TIMB has signalled that a key policy priority remains moving up the value chain. The regulator is encouraging investment in local processing capacity to reduce reliance on raw leaf exports, which typically fetch between US$3,300 and US$8,000 per tonne. Plans are under way to raise the share of locally processed tobacco to around 30 percent of total output by 2030, in line with Zimbabwe’s Vision 2030 industrialisation targets and Special Economic Zone incentives.
The sector remains central to Zimbabwe’s rural economy. More than 130,000 households are involved in tobacco production, with over 85 percent of growers classified as small-scale farmers. Direct and indirect employment linked to the crop is estimated at around 250,000 people, spanning farm labour, transport, auction floors and ancillary services.
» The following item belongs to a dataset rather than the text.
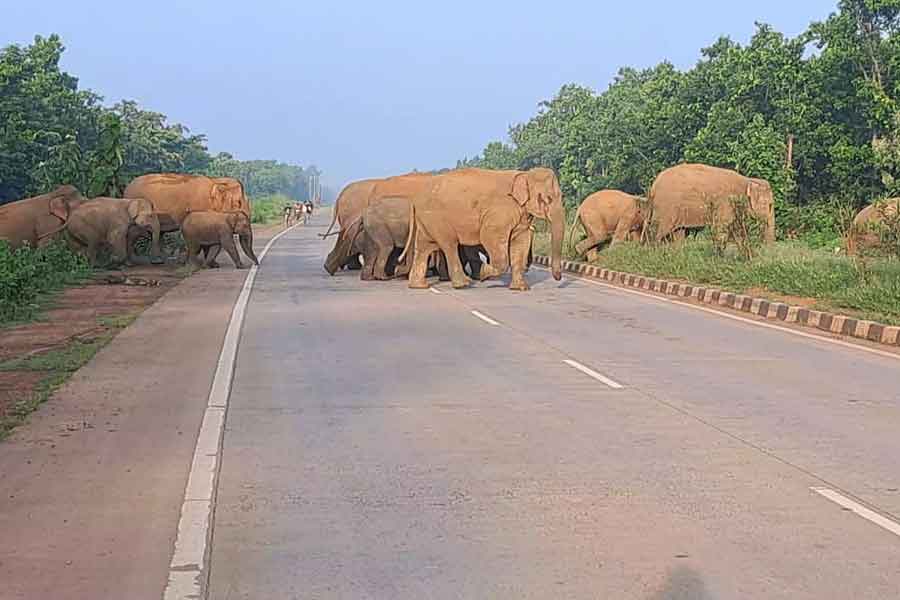 A herd of elephants blocked national highway near Jhargram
The strong export start follows a record 2025 marketing season. National output exceeded 353 million kilogrammes, a 52.92 percent increase from the 230.8 million kilogrammes recorded in 2024, when El Niño-induced drought had constrained yields. Earnings for the 2025 season surpassed US$1.17 billion, up 48.15 percent from US$791.7 million in the previous year.
As one of Africa’s largest tobacco producers and ranked fourth globally, Zimbabwe’s performance in early 2026 signals sustained recovery momentum. Export concentration in the Far East, widening price differentials across regions, and ongoing efforts to expand domestic processing will determine whether the current trajectory translates into longer-term structural gains for the sector and the broader economy.